## Supplied material
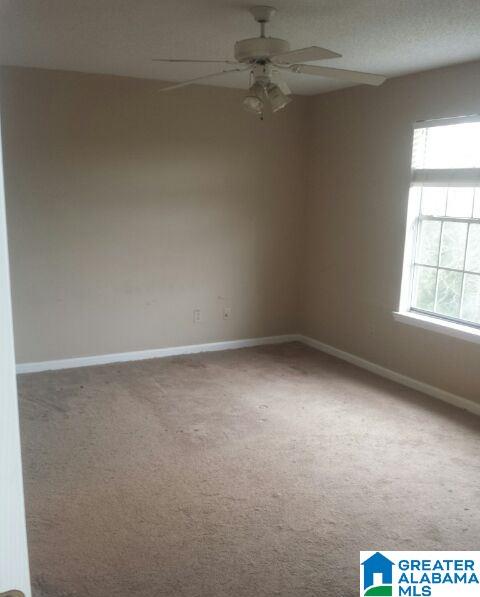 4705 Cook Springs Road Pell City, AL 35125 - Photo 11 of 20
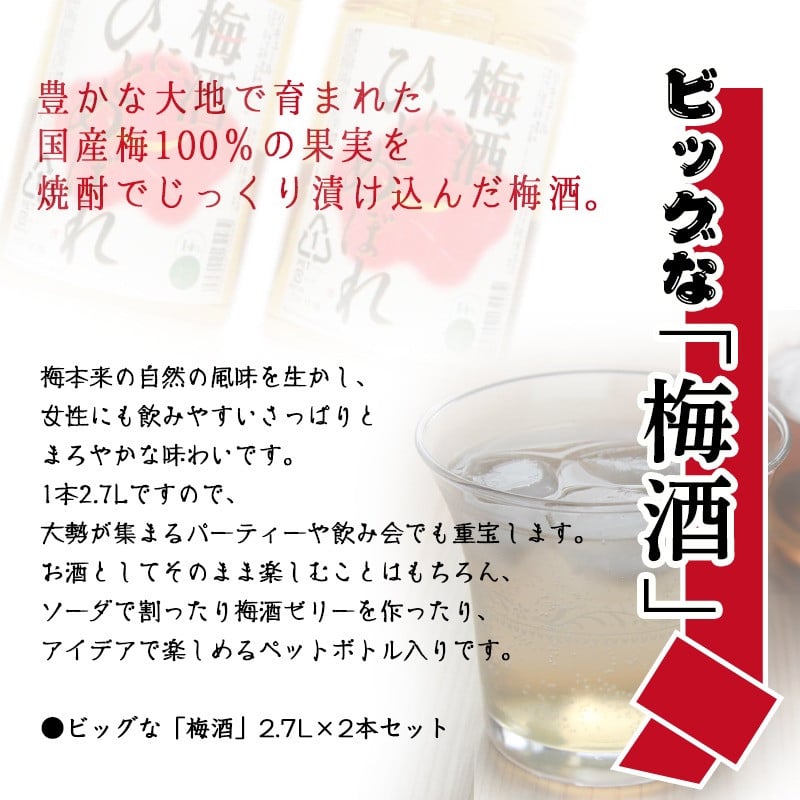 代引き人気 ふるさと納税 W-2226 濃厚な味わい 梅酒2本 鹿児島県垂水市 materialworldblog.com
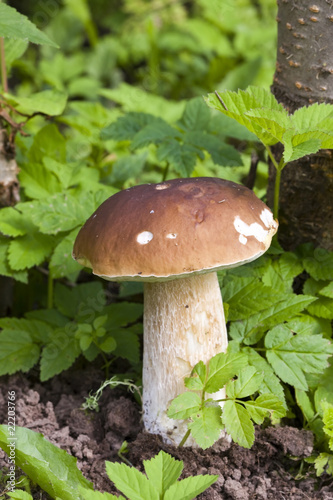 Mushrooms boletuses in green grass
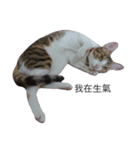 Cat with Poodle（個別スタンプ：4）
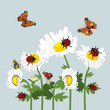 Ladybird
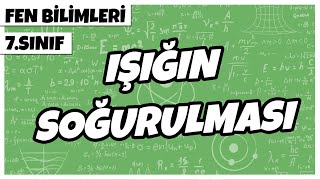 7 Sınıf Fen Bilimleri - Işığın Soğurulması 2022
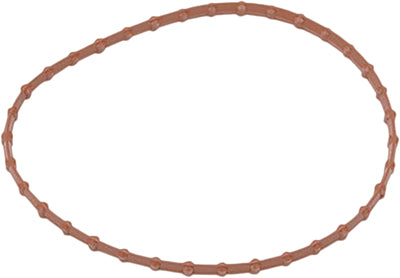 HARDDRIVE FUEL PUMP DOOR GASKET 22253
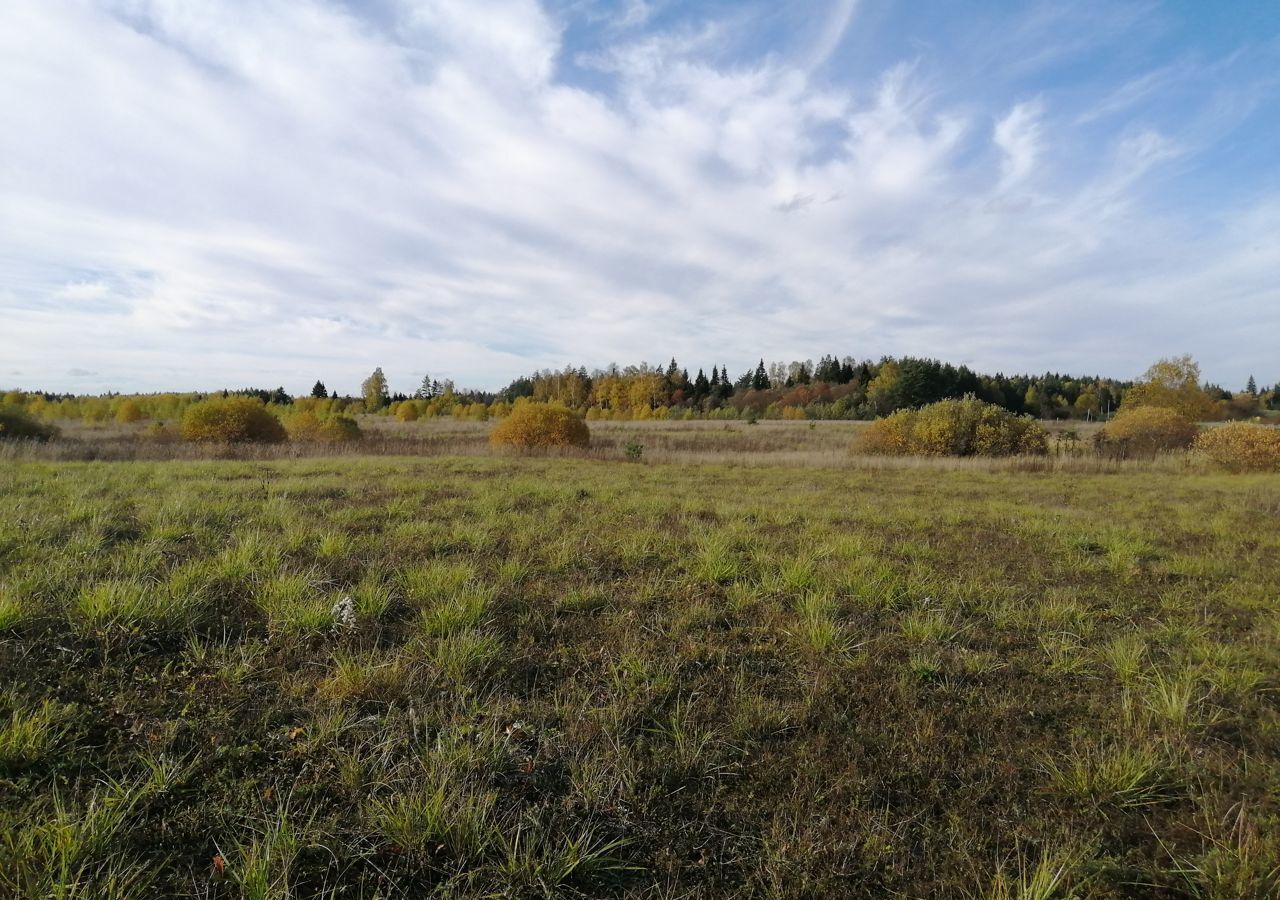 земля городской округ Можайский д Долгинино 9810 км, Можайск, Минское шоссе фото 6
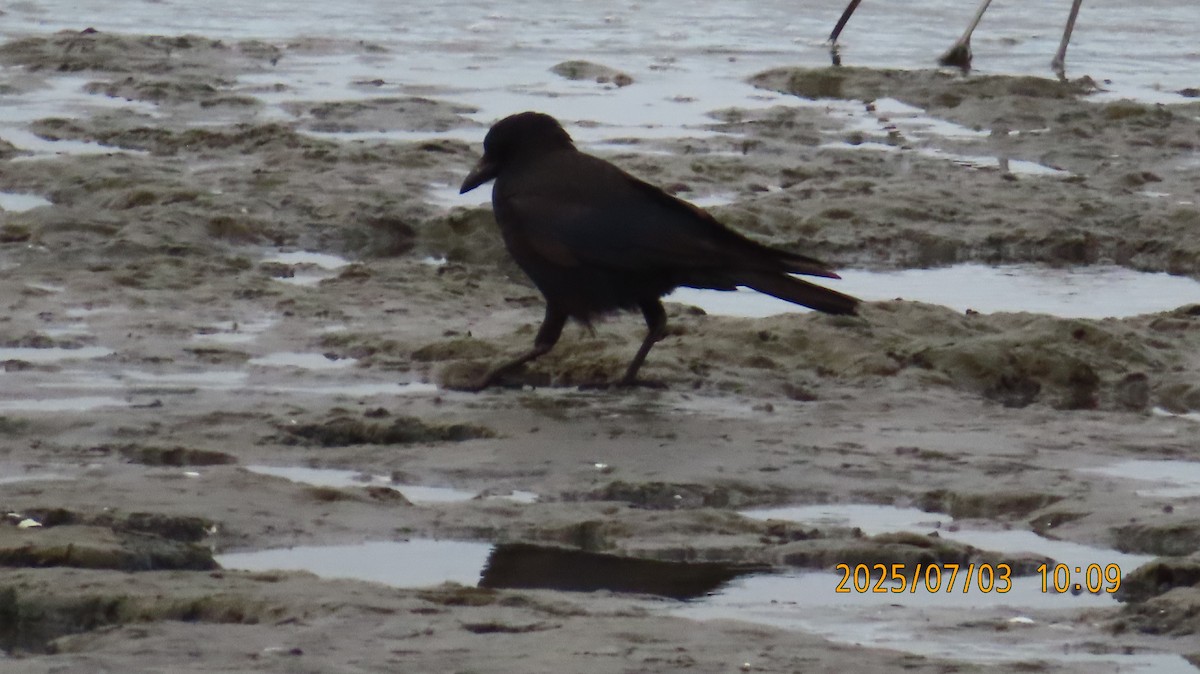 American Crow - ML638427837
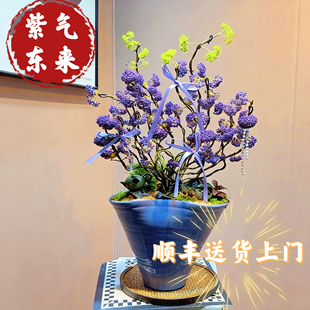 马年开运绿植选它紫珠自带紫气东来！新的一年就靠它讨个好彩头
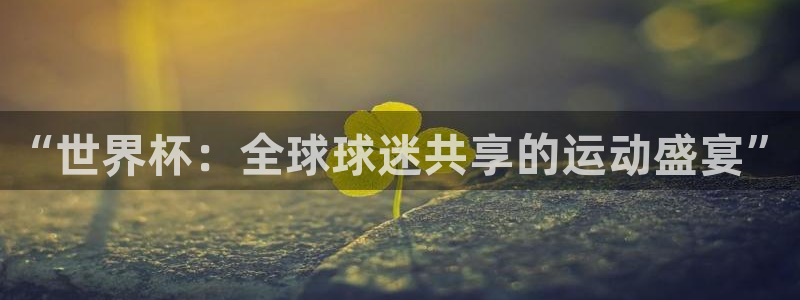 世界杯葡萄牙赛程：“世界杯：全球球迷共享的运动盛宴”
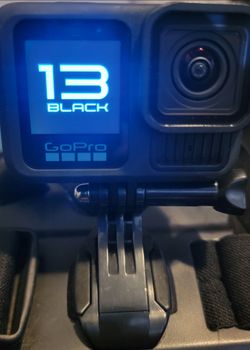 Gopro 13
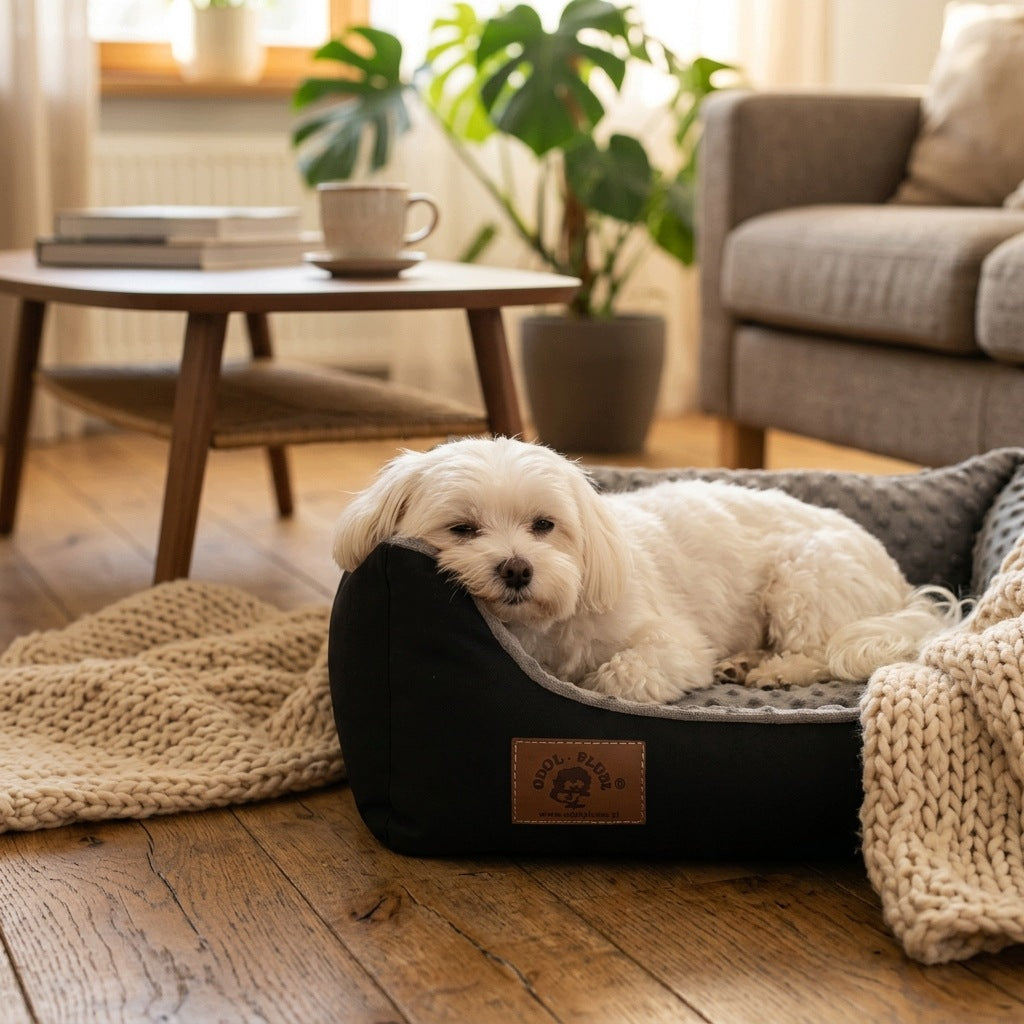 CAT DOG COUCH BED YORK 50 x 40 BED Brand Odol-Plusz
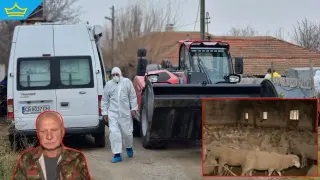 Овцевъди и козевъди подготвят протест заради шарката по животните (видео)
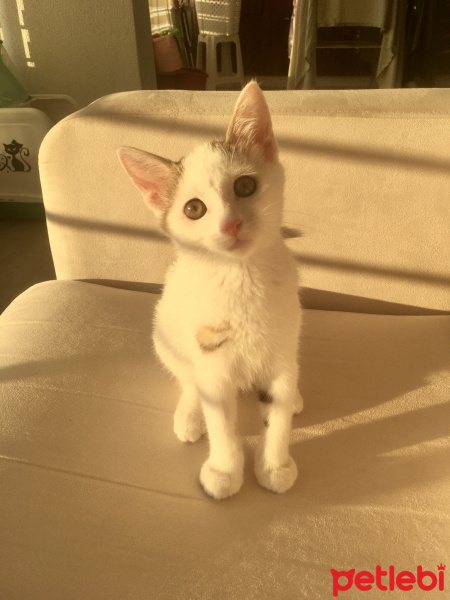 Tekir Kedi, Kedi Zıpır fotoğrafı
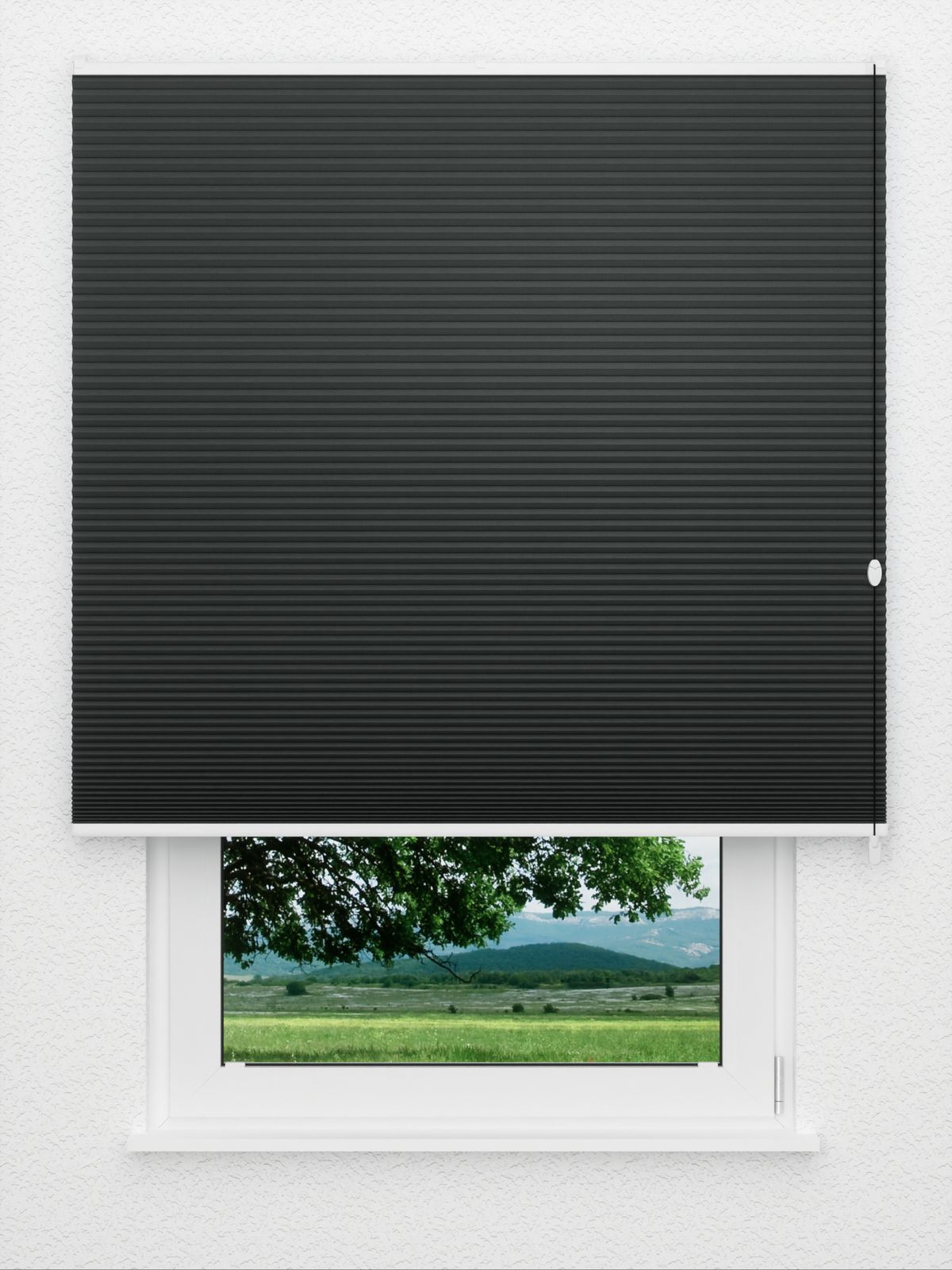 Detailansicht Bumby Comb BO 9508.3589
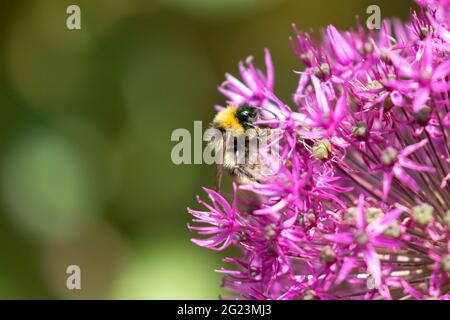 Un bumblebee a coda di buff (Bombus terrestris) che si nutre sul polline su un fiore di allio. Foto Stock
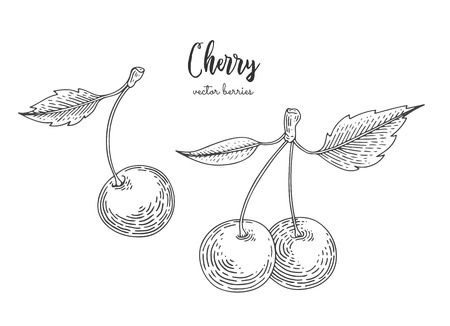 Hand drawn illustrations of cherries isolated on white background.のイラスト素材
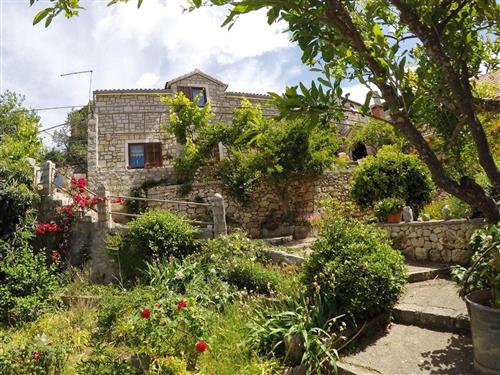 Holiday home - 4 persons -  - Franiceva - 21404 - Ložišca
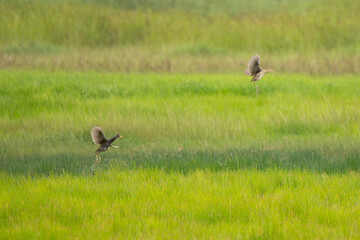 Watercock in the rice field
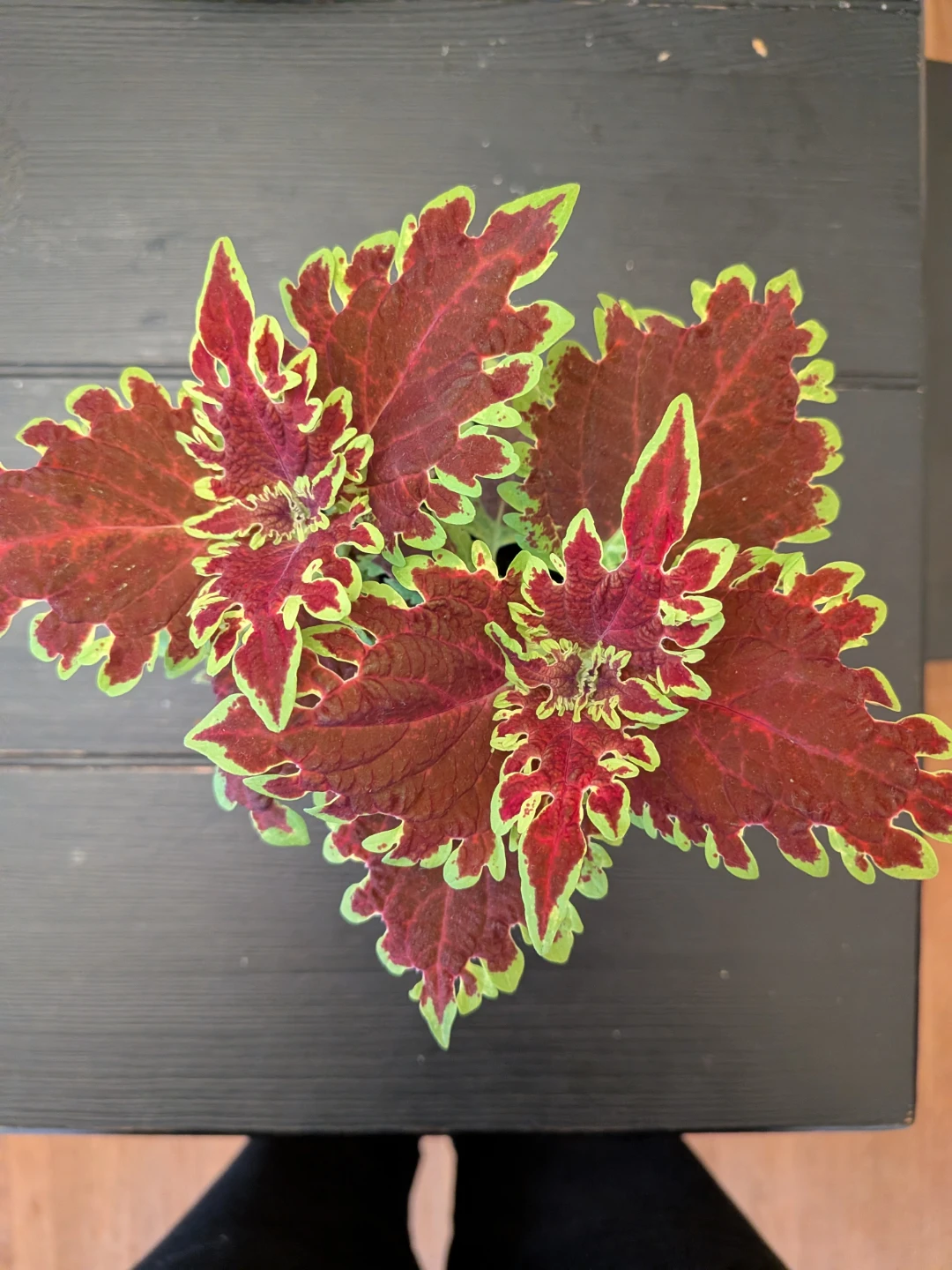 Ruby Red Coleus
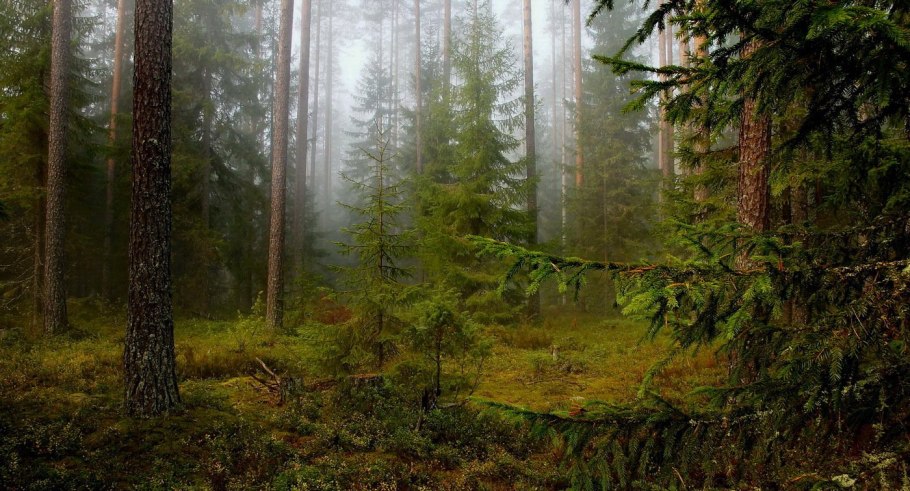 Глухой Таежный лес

## Exercise brief
Strip out the pictures and reproduce the remaining material above exactly.

## Exercise response
 4705 Cook Springs Road Pell City, AL 35125 - Photo 11 of 20
 代引き人気 ふるさと納税 W-2226 濃厚な味わい 梅酒2本 鹿児島県垂水市 materialworldblog.com
 Mushrooms boletuses in green grass
 Cat with Poodle（個別スタンプ：4）
 Ladybird
 7 Sınıf Fen Bilimleri - Işığın Soğurulması 2022
 HARDDRIVE FUEL PUMP DOOR GASKET 22253
 земля городской округ Можайский д Долгинино 9810 км, Можайск, Минское шоссе фото 6
 American Crow - ML638427837
 马年开运绿植选它紫珠自带紫气东来！新的一年就靠它讨个好彩头
 世界杯葡萄牙赛程：“世界杯：全球球迷共享的运动盛宴”
 Gopro 13
 CAT DOG COUCH BED YORK 50 x 40 BED Brand Odol-Plusz
 Овцевъди и козевъди подготвят протест заради шарката по животните (видео)
 Tekir Kedi, Kedi Zıpır fotoğrafı
 Detailansicht Bumby Comb BO 9508.3589
 Un bumblebee a coda di buff (Bombus terrestris) che si nutre sul polline su un fiore di allio. Foto Stock
 Hand drawn illustrations of cherries isolated on white background.のイラスト素材
 Holiday home - 4 persons -  - Franiceva - 21404 - Ložišca
 Watercock in the rice field
 Ruby Red Coleus
 Глухой Таежный лес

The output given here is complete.